Final analysis of the EORTC Soft Tissue and Bone Sarcoma Group, the Australasian Gastro-Intestinal Trials Group, UNICANCER, French Sarcoma Group, Italian Sarcoma Group, and Spanish Group for Research on Sarcomas confirms the efficacy of adjuvant treatment with imatinib in patients with localised gastrointestinal stromal tumour (GIST) in terms of prolonged relapse-free survival (RFS). In the high-risk subgroup, there was a trend toward a better long-term imatinib failure-free survival (IFFS). According to Paolo G. Casali of the Fondazione IRCCS Istituto Nazionale Tumori in Milan, Italy and colleagues who published the study findings in the Annals of Oncology, this is consistent with the German/Scandinavian study results and support current standard treatment with adjuvant imatinib for 3 years in GIST patients with a significant risk of relapse.

This collaborative randomised clinical study of adjuvant imatinib was launched in 2004. The study team included all GIST patients with an intermediate- or high-risk of relapse, following the consensus classification used at the time. When designed the study, the investigators believed that a benefit in RFS was more than likely, and decided that a meaningful benefit would have been in place only if it resulted in an increase in the cure rate, or, at least, in a substantial delay of relapses, provided no decrease in the time to progression was to occur when re-challenging relapsing patients with imatinib. Therefore, they chose overall survival (OS) as the study primary endpoint.

However, at a planned interim analysis in March 2009, the study Independent Data Monitoring Committee concluded that keeping OS as the primary endpoint would be incompatible with a reasonable duration of the study.

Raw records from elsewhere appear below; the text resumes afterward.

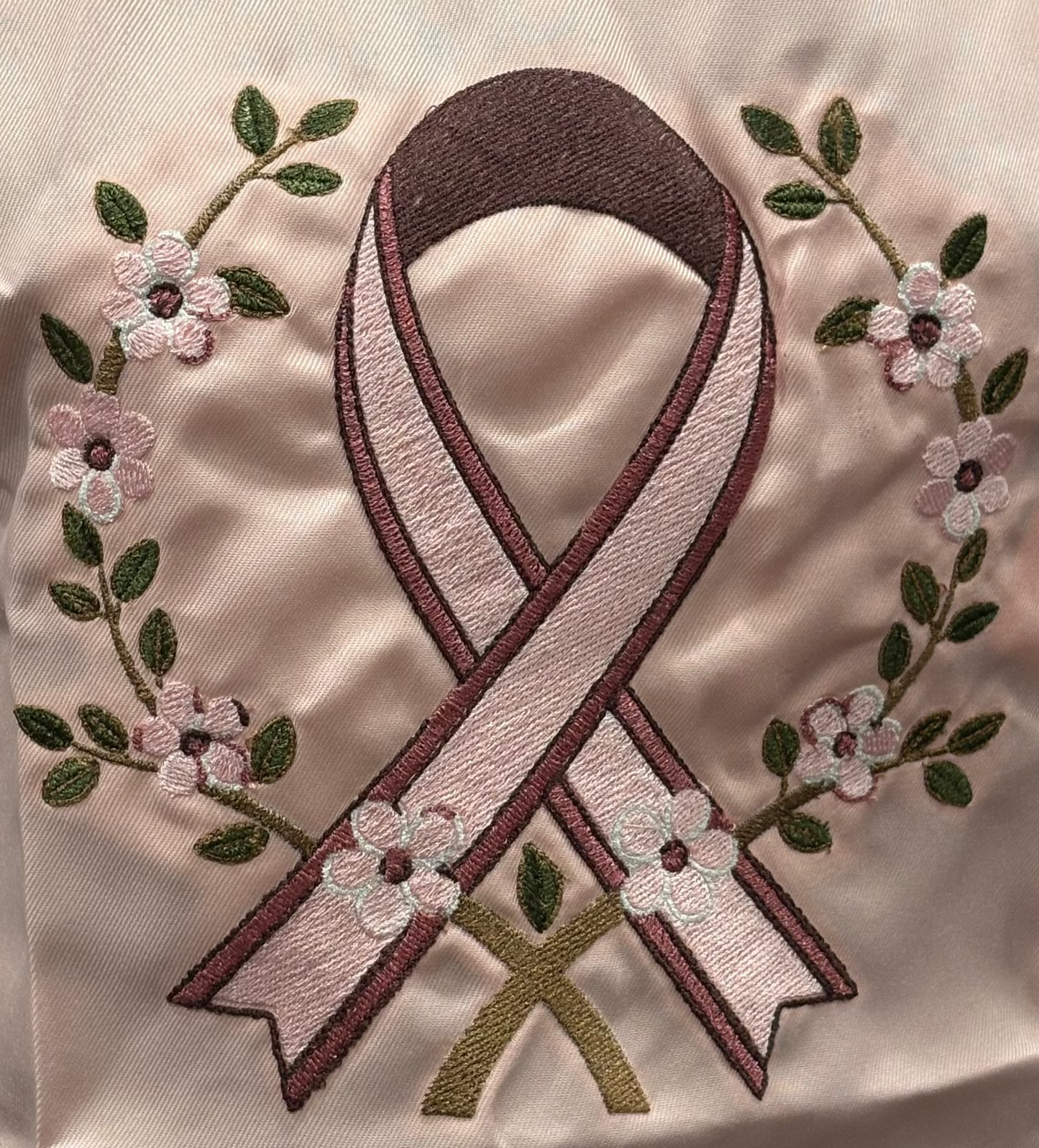 Breast Cancer Ribbon with Cherry Blossom Laurel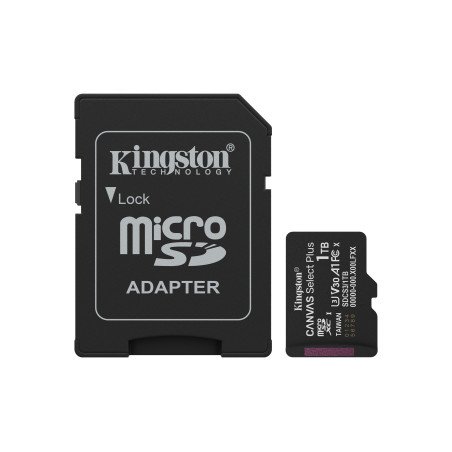 MicroSDXC Clase 10 Kingston Technology Canvas Select Plus Gen3, 1 TB, UHS-I, 150 MB/s, Class 3 (U3)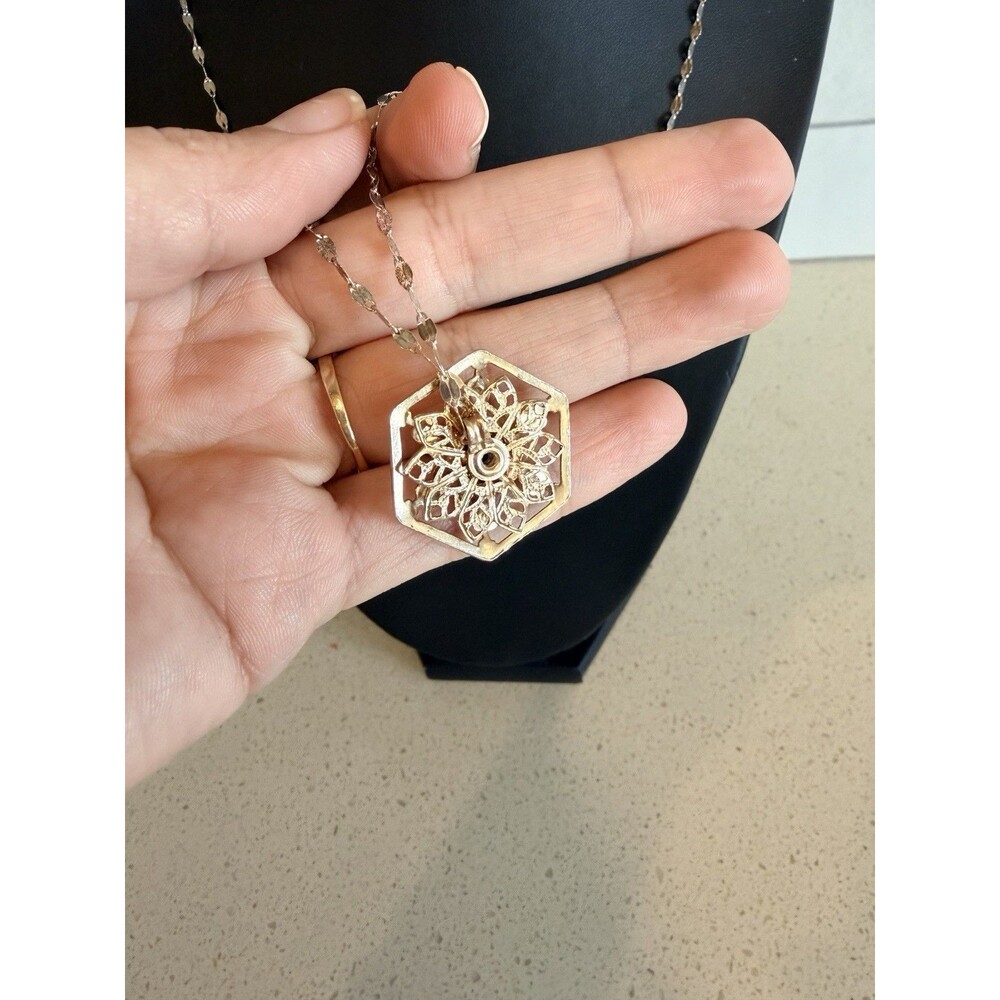 Vintage Sterling Silver Handmade Artisan Style Hexagon Filigree Pendant Necklace - Picture 5 of 8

The study team then decided another primary endpoint, IFFS, as an estimate of the time to resistance to imatinib, defined as a survival interval to the date of switching to an alternate tyrosine kinase inhibitor at any time during or following the adjuvant period.

The interim analysis was published in 2015, while continuing the study follow-up to the planned final analysis that is now reported. It is a randomised, open label, multicentre phase III study performed at 112 hospitals in 12 countries. Patients were randomised to 2 years of imatinib, 400 mg daily, or no further therapy after surgery.

In total, 908 patients were randomised between January 2005 and October 2008 (454 patients to imatinib and 454 patients to observation), but 835 patients were eligible. With a median follow-up of 9.1 years, 5 year IFFS was 87% and 10 year 75% in the imatinib arm versus 83% and 74% in the control arm (hazard ratio [HR] 0.87, 95.7% confidence interval [CI] 0.65, 1.15; p=0.31).

The RFS was 70% versus 63% at 5 years and 63% vs 61% at 10 years (HR 0.71, 95% CI 0.57, 0.89; p=0.002).

The OS was 93% versus 92% at 5 years and 80% versus 78% at 10 years (HR 0.88, 95% CI 0.65, 1.21; p=0.43).

Among 526 patients with high-risk GIST by local pathology, 10-year IFFS and RFS were 69% versus 61%, and 48% versus 43%, respectively.

For both OS and its potential surrogate defined in this study as IFFS, the data did not show an effect in favour of adjuvant treatment with imatinib overall, but a trend was observed in the high-risk GIST. The authors concluded that although the difference was not statistically significant and the surrogacy value of such an endpoint is not validated, this may be seen as supportive for the results reported by the Scandinavian/German study, showing a sustained small but significant long-term OS benefit in high-risk GIST patients treated with 3 years of adjuvant imatinib and may attenuate a mismatch between RFS and OS that undoubtedly marks the efficacy of adjuvant targeted therapy in GIST.

Mikael Eriksson of the Department of Oncology, Skåne University Hospital and Lund University in Lund, Sweden and Heikki Joensuu of the Department of Oncology, Helsinki University Hospital and University of Helsinki in Helsinki, Finland wrote in an accompanied editorial article that the results from the three randomised studies suggest that careful patient selection for adjuvant imatinib is of critical importance and that administration of adjuvant imatinib for a long enough duration is likely needed.

Currently 3 years of adjuvant imatinib remains the standard of care for patients who are at high-risk for GIST recurrence, despite macroscopically complete surgery, and who have a GIST mutational status that suggests sensitivity to imatinib. However, evaluation of the safety and efficacy of adjuvant imatinib of duration longer than 3 years remains a high priority, and two such studies are currently ongoing.

The collaborative intergroup study publication was supported by the EORTC Charitable Trust. Supporting funding was received from Novartis.